Примечательна в этом плане метаморфоза русского постмодернизма, начинавшего с литературных культурных игр, но затем быстро оседлавшего наиболее выгодные и проплаченные стратегии в масс-медиа. И вот уже без всяких шуток главной культурной проблемой объявляется зарабатыванье денег и то количество у. е., которое необходимо для приличной жизни писателя и художника.

Но, как ни странно, нынешний апофеоз бессердечной культуры является признаком ее неизбежного заката. Согласно И. А. Ильину, бессердечная культура есть обреченный путь. Но он же считает, что это культура умная и расчетливая. Можно почти не сомневаться, что на пороге своего крушения она постарается освоить сердечную стратегию. В противном случае, задохнется в собственном цинизме, как произошло с коммунистической властью. Некоторые признаки поворота к сердечности уже есть.

Идеология «перестройки» начиналась с формулы «все нравственное эффективно, все неэффективное безнравственно». Сегодня этой фразой только людей пугать. Чубайс в новогоднем интервью вынужден изображать из себя доброго Деда Мороза, заботящегося о том, чтобы в доме каждого россиянина в новогоднюю ночь не погас свет. Ельцин пришел в политику с внешностью крутого мужика и V-образно сложенными пальцами. А уходил в отставку со слезами на глазах, напоминая какого-то персонажа русской классики: не то старика Карамазова, не то степного короля Лира. Сердечность вдруг оказалась куда более ходовой монетой, чем злая воля и эффективность…

Все это доказывает, что политики острее чувствуют конъюнктуру времени, чем художники. Я подозреваю, что в начале нового века нам грозит невиданный культ чувствительности, какого не знали XVIII и ХIХ столетия. Океаны беспричинных слез и водопады сердечных признаний. И вот тут-то важно не забыть, что сердечная культура и культ чувствительности не одно и то же.

Великий Инквизитор не был чужд искренности и сочувствия. Но, как замечает Достоевский в записных книжках, «в сердце его, в совести его могла ужиться идея о необходимости сжигать людей».

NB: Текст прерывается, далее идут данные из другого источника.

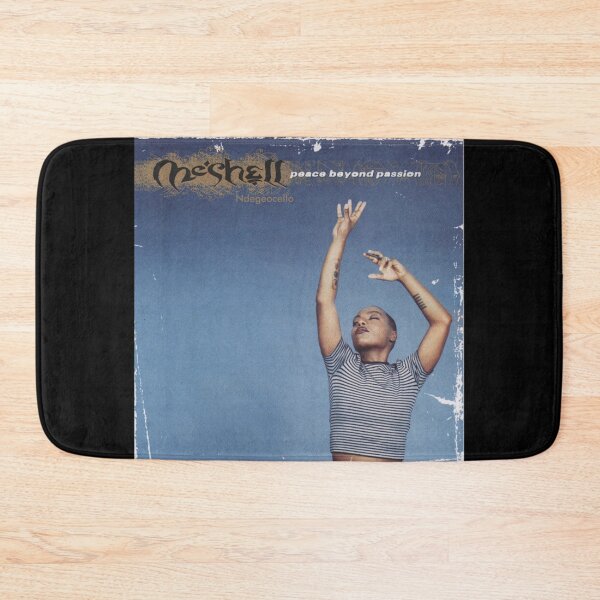 Item preview, Meshell Ndegeocello - Peace Beyond Passion album 1996 designed and sold by Edgar-tee.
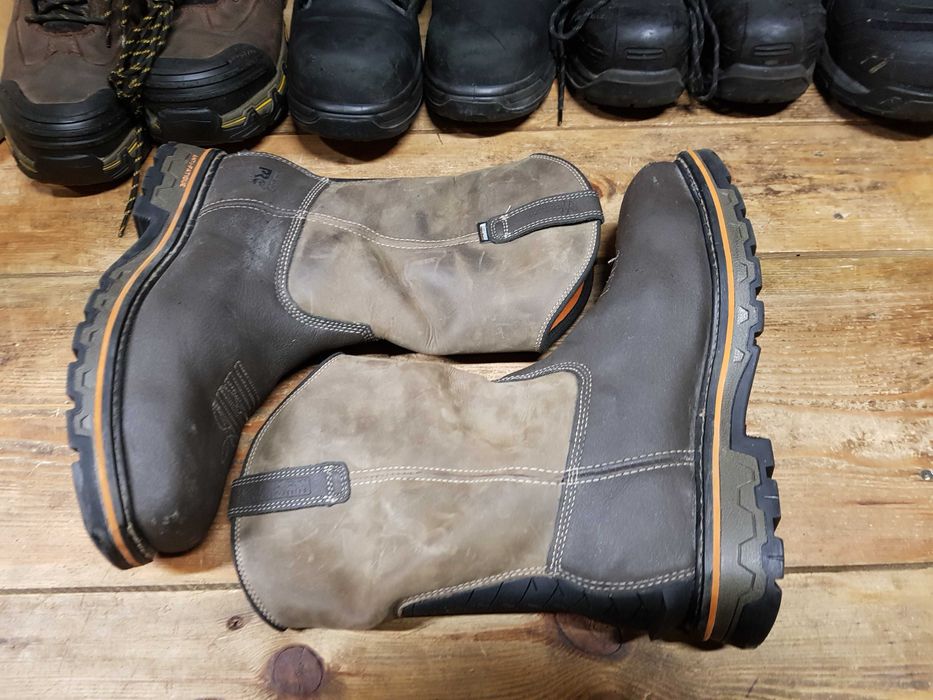 Buty robocze TIMBERLAND rozm 43 wkł 29 cm S3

Параметры сердечной культуры определить гораздо сложнее, чем бессердечной. Еще сложнее как-то ее сформулировать, ибо сам предмет по определению сопротивляется рациональному подходу. Но тут мы имеем прекрасный ориентир — русскую литературу.

Глупое сердце

Как сердцу высказать себя?

Другому как понять тебя?

Поймет ли он, чем ты живешь?

Мысль изреченная есть ложь.

Последняя строка этой строфы из стихотворения Тютчева «Silentium!» вспоминается наиболее часто и стала почти поговоркой. Между тем, вырванная из контекста она мгновенно теряет изначальный смысл, приобретая следующий: мысль настолько сложна и глубока, что не может быть высказана, не превратившись в ложь. То есть проблема заключается в высказывании мысли. Между тем, по Тютчеву, проблема состоит в невозможности высказаться сердцем, что приводит к неизбежной лживости всякой высказанной мысли, высказать которую как раз не составляет проблемы. Смысл оказывается полностью противоположным или, по крайней мере, совсем не тот, что у Тютчева. «Как сердцу высказать себя?» — это и есть главный вопрос и главная проблема сердечной культуры.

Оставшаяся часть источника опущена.